Mechanistic Elucidation of a Radical‐Promoted Hydrogenation Relevant to Borrowing Hydrogen Catalysis

Abstract

AbstractIn the borrowing hydrogen catalysis, hydrogenation of an in situ generated imine or olefinic bond is a crucial step. There is a growing body of literature in olefinic hydrogenation promoted by metal hydride of Earth‐abundant metals, where radical mechanism is followed. This report presents a thorough study of the mechanistic details of a nickel catalyzed α‐alkylation of ketones with secondary alcohols and showcases that the olefinic hydrogenation of an enone happens, completely bypassing the involvement of a metal hydride.
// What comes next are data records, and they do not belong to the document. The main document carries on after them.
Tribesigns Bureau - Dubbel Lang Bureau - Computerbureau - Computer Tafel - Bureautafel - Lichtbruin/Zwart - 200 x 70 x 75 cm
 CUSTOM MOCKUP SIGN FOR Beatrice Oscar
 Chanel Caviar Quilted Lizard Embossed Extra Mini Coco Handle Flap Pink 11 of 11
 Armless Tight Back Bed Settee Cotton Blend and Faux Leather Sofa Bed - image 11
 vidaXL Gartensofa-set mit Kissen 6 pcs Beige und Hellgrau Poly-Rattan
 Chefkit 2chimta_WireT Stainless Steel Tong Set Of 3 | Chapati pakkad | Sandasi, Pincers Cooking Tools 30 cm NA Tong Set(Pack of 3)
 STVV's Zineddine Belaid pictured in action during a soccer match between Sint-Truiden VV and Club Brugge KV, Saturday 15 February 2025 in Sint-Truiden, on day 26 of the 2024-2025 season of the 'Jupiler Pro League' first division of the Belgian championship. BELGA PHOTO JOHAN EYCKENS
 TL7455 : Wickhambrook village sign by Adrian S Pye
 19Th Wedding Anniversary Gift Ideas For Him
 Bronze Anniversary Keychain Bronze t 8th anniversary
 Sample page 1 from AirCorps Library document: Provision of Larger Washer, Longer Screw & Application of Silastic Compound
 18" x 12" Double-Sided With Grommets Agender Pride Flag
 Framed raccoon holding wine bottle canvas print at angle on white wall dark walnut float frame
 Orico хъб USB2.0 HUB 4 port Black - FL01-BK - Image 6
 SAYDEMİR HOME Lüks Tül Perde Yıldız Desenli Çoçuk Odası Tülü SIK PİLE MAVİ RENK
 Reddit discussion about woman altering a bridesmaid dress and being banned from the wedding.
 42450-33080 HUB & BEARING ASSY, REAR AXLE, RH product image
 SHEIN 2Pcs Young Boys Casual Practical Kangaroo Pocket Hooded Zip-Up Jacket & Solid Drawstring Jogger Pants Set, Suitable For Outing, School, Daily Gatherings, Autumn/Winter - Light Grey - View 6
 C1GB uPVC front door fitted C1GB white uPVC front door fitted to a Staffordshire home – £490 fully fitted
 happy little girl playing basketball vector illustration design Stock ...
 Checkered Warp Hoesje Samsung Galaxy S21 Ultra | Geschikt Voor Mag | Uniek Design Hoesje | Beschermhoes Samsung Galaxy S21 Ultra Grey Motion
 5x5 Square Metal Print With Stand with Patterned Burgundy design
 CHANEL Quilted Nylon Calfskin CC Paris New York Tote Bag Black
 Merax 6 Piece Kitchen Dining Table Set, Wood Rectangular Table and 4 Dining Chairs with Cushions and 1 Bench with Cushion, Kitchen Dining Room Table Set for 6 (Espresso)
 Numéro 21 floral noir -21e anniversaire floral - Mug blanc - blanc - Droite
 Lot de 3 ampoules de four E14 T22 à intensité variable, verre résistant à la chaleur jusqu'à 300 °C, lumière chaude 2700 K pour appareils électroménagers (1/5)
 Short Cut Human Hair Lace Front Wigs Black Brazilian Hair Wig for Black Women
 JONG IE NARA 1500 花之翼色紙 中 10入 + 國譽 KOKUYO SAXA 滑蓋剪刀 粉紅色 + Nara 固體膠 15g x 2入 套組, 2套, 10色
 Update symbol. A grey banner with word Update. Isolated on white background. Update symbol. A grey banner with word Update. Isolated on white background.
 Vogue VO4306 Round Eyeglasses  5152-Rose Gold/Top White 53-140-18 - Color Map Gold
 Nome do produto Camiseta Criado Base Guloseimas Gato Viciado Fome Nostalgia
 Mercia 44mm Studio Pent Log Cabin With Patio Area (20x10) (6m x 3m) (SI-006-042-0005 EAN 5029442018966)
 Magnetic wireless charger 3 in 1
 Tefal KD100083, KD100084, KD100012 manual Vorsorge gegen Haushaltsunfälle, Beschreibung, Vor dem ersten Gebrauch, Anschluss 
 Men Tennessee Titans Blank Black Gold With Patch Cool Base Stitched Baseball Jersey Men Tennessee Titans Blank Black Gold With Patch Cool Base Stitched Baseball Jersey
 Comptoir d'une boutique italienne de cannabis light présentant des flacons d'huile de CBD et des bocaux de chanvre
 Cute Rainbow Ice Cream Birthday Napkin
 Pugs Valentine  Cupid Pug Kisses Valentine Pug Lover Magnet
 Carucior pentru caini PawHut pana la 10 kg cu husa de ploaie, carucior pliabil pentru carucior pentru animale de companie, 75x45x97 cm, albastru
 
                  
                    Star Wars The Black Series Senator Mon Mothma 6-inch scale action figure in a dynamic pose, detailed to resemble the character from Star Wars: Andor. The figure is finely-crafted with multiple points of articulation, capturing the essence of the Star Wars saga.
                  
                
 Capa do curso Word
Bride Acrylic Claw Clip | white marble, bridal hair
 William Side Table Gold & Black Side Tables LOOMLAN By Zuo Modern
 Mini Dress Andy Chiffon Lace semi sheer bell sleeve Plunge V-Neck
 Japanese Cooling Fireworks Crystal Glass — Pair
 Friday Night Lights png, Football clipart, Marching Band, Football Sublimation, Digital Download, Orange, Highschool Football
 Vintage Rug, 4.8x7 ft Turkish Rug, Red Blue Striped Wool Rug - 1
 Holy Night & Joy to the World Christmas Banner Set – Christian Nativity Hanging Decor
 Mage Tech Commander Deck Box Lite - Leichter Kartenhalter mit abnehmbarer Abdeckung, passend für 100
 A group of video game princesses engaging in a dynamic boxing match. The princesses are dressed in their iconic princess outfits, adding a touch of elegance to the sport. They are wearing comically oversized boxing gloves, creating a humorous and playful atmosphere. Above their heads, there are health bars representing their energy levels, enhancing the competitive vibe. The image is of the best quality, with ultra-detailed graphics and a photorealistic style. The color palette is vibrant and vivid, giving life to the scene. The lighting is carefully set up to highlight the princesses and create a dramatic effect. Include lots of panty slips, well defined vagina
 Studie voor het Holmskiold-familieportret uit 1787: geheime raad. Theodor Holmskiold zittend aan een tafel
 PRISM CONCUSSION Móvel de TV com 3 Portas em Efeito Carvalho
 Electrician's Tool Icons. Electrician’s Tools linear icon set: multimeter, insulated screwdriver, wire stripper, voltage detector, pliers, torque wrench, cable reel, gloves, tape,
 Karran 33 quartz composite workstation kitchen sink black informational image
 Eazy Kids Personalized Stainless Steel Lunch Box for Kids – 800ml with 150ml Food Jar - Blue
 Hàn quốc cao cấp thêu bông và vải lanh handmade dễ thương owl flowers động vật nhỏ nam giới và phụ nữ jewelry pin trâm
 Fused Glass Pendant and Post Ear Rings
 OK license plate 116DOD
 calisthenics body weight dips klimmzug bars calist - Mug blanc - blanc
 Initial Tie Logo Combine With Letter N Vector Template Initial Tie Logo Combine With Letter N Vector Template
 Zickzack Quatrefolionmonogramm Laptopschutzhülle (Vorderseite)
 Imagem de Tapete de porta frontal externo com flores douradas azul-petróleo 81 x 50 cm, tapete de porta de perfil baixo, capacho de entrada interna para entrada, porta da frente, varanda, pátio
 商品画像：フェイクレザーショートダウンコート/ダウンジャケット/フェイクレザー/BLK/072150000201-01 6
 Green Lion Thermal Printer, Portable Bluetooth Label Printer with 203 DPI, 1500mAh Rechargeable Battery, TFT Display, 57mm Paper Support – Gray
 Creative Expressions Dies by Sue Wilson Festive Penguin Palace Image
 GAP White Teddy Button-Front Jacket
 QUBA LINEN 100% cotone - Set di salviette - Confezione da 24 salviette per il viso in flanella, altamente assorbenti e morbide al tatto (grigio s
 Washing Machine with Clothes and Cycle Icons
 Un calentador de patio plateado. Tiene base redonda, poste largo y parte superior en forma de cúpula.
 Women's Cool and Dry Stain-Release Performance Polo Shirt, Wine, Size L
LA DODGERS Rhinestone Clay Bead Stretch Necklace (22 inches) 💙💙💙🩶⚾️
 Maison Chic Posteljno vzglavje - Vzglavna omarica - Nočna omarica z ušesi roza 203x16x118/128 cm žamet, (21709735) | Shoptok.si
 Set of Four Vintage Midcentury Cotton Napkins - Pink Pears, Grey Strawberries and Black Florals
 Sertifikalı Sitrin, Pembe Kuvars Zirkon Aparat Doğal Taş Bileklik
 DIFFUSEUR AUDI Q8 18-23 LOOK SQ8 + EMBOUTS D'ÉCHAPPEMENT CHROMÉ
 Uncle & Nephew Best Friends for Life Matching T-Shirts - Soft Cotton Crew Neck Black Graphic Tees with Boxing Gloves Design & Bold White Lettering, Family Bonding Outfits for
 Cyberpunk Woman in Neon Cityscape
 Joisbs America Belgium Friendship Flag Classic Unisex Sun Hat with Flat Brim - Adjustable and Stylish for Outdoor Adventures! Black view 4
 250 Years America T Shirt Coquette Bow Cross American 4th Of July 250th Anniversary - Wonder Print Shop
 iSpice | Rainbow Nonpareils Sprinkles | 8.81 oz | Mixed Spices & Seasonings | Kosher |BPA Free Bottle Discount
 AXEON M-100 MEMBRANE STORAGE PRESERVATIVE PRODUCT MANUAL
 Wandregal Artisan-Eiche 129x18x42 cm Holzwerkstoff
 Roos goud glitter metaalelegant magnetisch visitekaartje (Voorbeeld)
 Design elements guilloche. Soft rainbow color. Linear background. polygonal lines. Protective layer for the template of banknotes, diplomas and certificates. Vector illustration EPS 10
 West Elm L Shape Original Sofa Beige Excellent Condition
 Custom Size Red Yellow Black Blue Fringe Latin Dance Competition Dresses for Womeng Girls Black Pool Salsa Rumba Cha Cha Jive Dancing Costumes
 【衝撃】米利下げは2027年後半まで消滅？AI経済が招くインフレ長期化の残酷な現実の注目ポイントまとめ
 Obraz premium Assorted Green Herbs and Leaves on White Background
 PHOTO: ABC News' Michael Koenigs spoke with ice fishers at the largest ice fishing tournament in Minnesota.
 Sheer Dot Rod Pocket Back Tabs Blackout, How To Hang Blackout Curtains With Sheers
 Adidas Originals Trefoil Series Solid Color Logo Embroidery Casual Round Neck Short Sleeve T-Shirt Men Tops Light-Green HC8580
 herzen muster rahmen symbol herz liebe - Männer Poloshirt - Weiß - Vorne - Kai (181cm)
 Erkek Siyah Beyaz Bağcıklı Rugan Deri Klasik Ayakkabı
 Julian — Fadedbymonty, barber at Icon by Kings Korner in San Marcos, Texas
This pathway is radical promoted, where a single electron reduction of the substrate olefin and a subsequent hydrogen atom transfer step are most critical. A series of control reactions, detection of critical reaction intermediates, and radical probe experiments provide compelling proofs for such radical‐promoted olefinic hydrogenation. The experimental clues, further aided by DFT calculations altogether suggest the precise one‐electron chemistry where the involvement of metal‐hydride is not required. Notably, the redox non‐innocence of the azophenolate backbone, as well as imposed noninnocence of the substrate olefin, when bound to the catalyst molecule makes such mechanism feasible.